1.1. Existing Issues of Phishing on Website

In 2011, Prevost et al. identified phishing based on more than 25 features on a heuristic webpage. The main disadvantage of this work is that when there are changes in webpages, this method does not work, i.e., it is not robust. It also requires more heuristic parameters [2]. In 2016, Moghimi et al. developed rule-based phishing techniques, based on the parameters of a webpage and applied the rules for retrieving the hidden information in the webpage. The major drawback of this algorithm is that it is not reliable for identifying the phisher [3]. In 2010, Prakash et al. applied predictive blacklist techniques to identify and delete the correct blacklist using the PhishNet database. This algorithm fails to detect the 0th-day phishing [4].

1.2. Existing Issues of Phishing in E-Mail

In 2006, Lyon et al. proposed the authentication for domain level by securely sending the data by e-mail. The main drawback of this algorithm is that it works only when both the sender and receiver have the same device [5]. Chen et al. developed the LinkGuard algorithm. This algorithm is capable of detecting the actual domain of phishers and also detecting the phisher link URL. The main drawback of this algorithm is that it is applicable only for e-mail and not for detecting phishers on the web [6]. In 2009, Gansterer et al. applied a machine learning-based K-nearest learning approach to detect phishing based on the parameters of e-mail and ranked those parameters., The main limitations are that it attained a high false-positive rate for spam detecting filters [7,8].
A phishing attack is a dangerous threat. For example, at Deleware University, nearly 75 thousand people faced this problem as phishers stole the personal information of teachers, students, researchers and faculty through websites [9]. In 2001, the first online gold fraud was investigated. This was similar to a phisher sending spam mail to increase their network. Since the number of phishing attacks have increased, the government set up the working group Anti-Phishing and also implemented several laws for victims [10]. Figure 1 shows phishing sites reported in 2019.

1.3. Proposed Research Key Features

The objective of this work is to evaluate the harmfulness of this problem and offers better solutions to protect against phishing attacks.
  • Fishing attacks may occur at any time. Thus, based on database features, this work develops a mechanism.
  • The proposed work focuses on recent databases and performance can be evaluated based on parameters.
  • According to the literature survey, most of the existing work is based on imbalanced mechanisms.
  • Three different classifiers are used to determine classification accuracy in detecting phishing.
  • The motivation for the current work is the increasing number of phishing attacks; we need to develop a computational automated methodology for detecting phishing.
Figure 2 shows internet usage per year from 2014 to 2019. Figure 3 shows a year-wise online report of phishing attack incidents from 2014 to 2019.

1.4. Motivation

  • The motivation for this work is that there is still a lack of awareness regarding phishing threats.
  • The main phishing crimes are stealing banking details stealing such as CVV details and credit card information through websites such as PayPal and e-bay.
  • Other phishing crimes include theft of personal data and capturing trade secrets and important documents.

2. Literature Survey

A literature survey which is related to the mechanism developed in this investigation is presented in this section. Table 1 summarizes the literature survey for detecting phishing. Figure 4 illustrates phishing attacks in the industry.

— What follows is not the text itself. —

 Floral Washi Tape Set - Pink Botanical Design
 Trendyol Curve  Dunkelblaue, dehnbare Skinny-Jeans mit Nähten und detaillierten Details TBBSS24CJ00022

3. The Proposed Methodology

The phishing attack mechanism can be categorized into three categories as
  • A DNS blacklist.
  • A heuristic-based approach.
  • A web crawler-based approach.
These approaches are used for future purposes in phishing attacks for future extraction. Figure 5 shows the proposed architecture of the phishing attack mechanism.

3.1. DNS Blacklist and Web Crawler

A DNS blacklist (domain name system blacklist) is used for generating many Internet Protocol addresses which can be easily mounted for programming on the browser. The DNS blacklist is built on the top source file on the internet. This domain name system blacklist generates Internet Protocol addresses with spam purposes. Information is frequently updated on the DNS system. Web crawler starts to attack websites interconnecting with pages and links. Crawling from one website, the phishing attack mechanism goes through all the links in the web index. The proposed phishing attack mechanism crawl is creating a web crawler for each webpage in a website since the attack. Figure 6 shows the crawler for web indexing.

3.2. Heuristic Analysis and URL Analysis

Algorithm 1 details the working module of heuristic-based phishing detection. Three features of heuristic analysis phases are as follows. URLs. URL partition is as follows. <protocol>://<subdomain> <primary domain> <TLD>/<path domain>. Algorithm 2 explains the working module of URL-based phishing detection.
Algorithm 1: Heuristic Phishing Detection
InputFeatures of URL, content of website, website traffic.
OutputPhishing e-mail or non-phishing site
Step 1if copyrights are illegal
then
“User notify”
end if
Step 2 (URL initialization → calling algorithm 1 (Web traffic analysis)
Step 3Counts (total number of counts per visit, number of people visiting per page, visiting duration, bouncing rate)
Step 4Condition→Operating (PageRank)
Step 5if Condition is lower
then
“User notify”
end if
Step 6Condition → Operate (Siri Reputation)
Step 7if Condition is low
then
“User notify”
end if
Algorithm 2: URL-Based Phishing Detection
InputPrimary domain –k are the features of URL, @, -dots, ID.
OutputEither phished or legal classification.
Step 1if k is IP address then
Condition = Phished
else if turned up (‘@’,‘-’,‘.’);
Step 2If ‘@’ && ‘-’
Condition = Phished.
Step 3else if turned up (‘.’)>5
Condition = Phished
end if
Step 4else if ld < 3
Condition = Phished
end if
Step 5if Condition is Phishing then
"User notify"
end if

3.3. Web Content Analysis and Web Traffic Analyzer

Crawling through the website and web page content copyrights was proposed by the phishing detection mechanism in the website. Regarding suspicion, phishing detection mechanism classifiers send an alert for the message for the contents by the phishing detection mechanism. Parameters are taken from the web traffic analyzer such as tool visits for sites, pages visited per page, duration visiting per person on average, and the bouncing rate. SiriReputation is used on the valued website for calculating the website links from other web pages to itself. PageRank is similar to this [20]. SiriReputation will also be low for phishing the websites in a higher level, for SiriReputation is similar to Pagerank, where SiriReputation values are lower for phishing the websites on a legitimate site.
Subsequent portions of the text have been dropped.